What do you guys use and why do you think one is better than the other?


----------



## gtbmed (Jan 25, 2010)

Tris are going to be stimulated in almost every compound movement that stimulates the chest, so I don't see the reason for debate.

It really comes down to whether you want to separate based on vertical/horizontal movements or push/pull movements.  I personally would split horizontal/vertical.  Actually I would just do pushing and pulling and leg stuff all in one workout.


----------



## thegeneral25 (Jan 27, 2010)

Chest and Bi's. I think that way ur hitting ur arms twice a week with enough rest in between.
Thats my preference.


----------



## CowPimp (Jan 27, 2010)

I don't really think either one is superior, or at least it's not proven one way or the other.  Although I think doing both from time to time is probably a good thing.

If I had to suggest one I would say Chest/Bis.  I simply like the idea of being able to use more weight.  From my experience, the weights drop so dramatically if you pound one muscle group excessively on a given day, that it almost seems like a fruitless endeavor at a certain point.


----------



## FMJ (Jan 27, 2010)

CowPimp said:


> From my experience, the weights drop so dramatically if you pound one muscle group excessively on a given day, that it almost seems like a fruitless endeavor at a certain point.


 
Hey CP.
Meaning by doing chest, you pre exhaust the tris and can't work them with as much weight as if you did them on a different day?


----------



## CowPimp (Jan 27, 2010)

FMJ said:


> Hey CP.
> Meaning by doing chest, you pre exhaust the tris and can't work them with as much weight as if you did them on a different day?
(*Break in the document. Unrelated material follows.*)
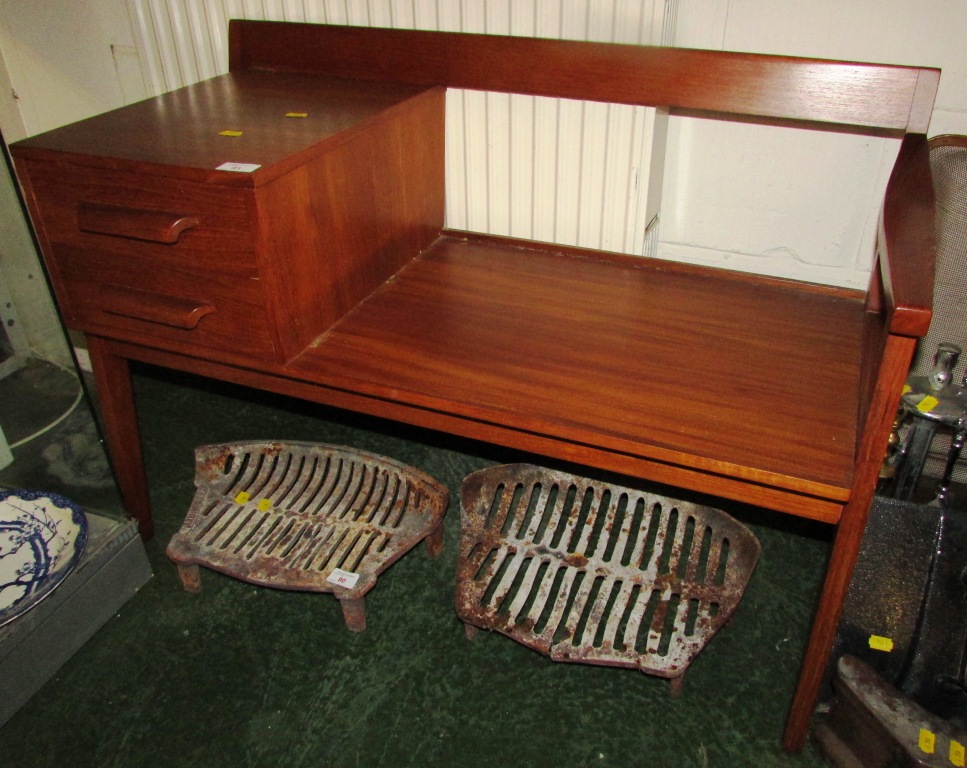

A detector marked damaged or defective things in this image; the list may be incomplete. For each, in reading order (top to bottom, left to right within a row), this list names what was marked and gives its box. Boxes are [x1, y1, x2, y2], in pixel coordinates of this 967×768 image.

rusty fire grate [166, 444, 450, 632]
rusty fire grate [458, 462, 760, 688]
Yes.  Same with your shoulders, or even if you just did an all chest day.  By the 4th chest exercise, you are going to have to reduce the weights you can use by quite a lot unless you rest a ton in between sets and exercises.


----------



## fyredup1286 (Jan 29, 2010)

gtbmed said:


> Tris are going to be stimulated in almost every compound movement that stimulates the chest, so I don't see the reason for debate.
> 
> It really comes down to whether you want to separate based on vertical/horizontal movements or push/pull movements.  I personally would split horizontal/vertical.  Actually I would just do pushing and pulling and leg stuff all in one workout.



HIT IT RIGHT ON THE HEAD!


----------



## 200+ (Jan 30, 2010)

FMJ said:


> Hey CP.
> Meaning by doing chest, you pre exhaust the tris and can't work them with as much weight as if you did them on a different day?



Although training tris separate from chest can lead to over training of the tris.  I personally prefer tris with chest; however, i do like to mix it up and do bis and chest once in a while


----------



## FMJ (Jan 31, 2010)

Interstingly enough, I don't even do any iso work on my bi's or tri's. 
I just enjoy hearing the opinions and theories behind it all. 
Thanks gents.


----------



## Gazhole (Jan 31, 2010)

I usually don't train triceps specifically, but i do split up benching and military pressing for the reason Cowpimp talked about.
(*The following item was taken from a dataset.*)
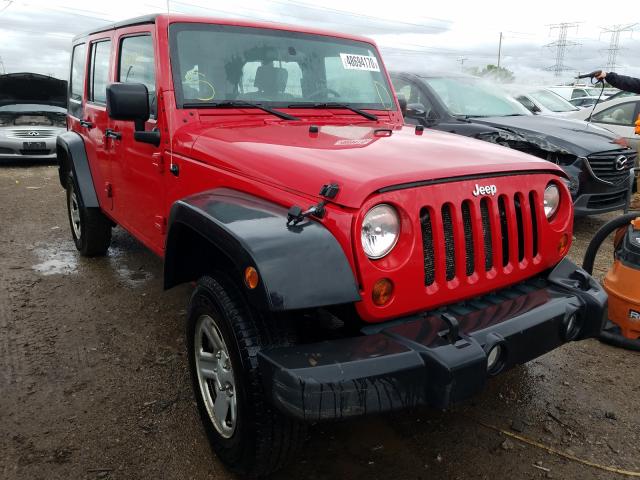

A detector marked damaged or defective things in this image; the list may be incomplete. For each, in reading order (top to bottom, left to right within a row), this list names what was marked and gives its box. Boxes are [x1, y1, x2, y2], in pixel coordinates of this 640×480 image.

damaged dark car [0, 72, 67, 163]
damaged dark car [390, 72, 636, 216]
If i put them on the same day, whichever comes second suffers a lot - sometimes to the point of not being able to do it at all.


----------



## FMJ (Jan 31, 2010)

I normally do chest and shoulders on the same day. I'm sure that's why I make bigger increases on bench press than I do on mil's. I've been toying with the idea of putting in a 4th training day. Maybe I'll split shoulders and include bi or tri's on that day. 
The only exercise I do to target the bi's is on back day when I finish up with chins. 
Typically, the back day consists of Bent rows, directly into pullups. Then I go into seated rows, then shrugs, then chins. 
Chest day includes flat press, incline press, then hang cleans with your idea of doing a mil press with each clean rep. After that I superset arnies with lateral raises.


----------



## gtbmed (Jan 31, 2010)

Just do a horizontal push/pull day and a vertical push/pull day.  That way you're getting a bunch of bicep, tricep, and shoulder stimulation twice a week but you're not burning yourself out by focusing all of a workout's volume on one muscle group.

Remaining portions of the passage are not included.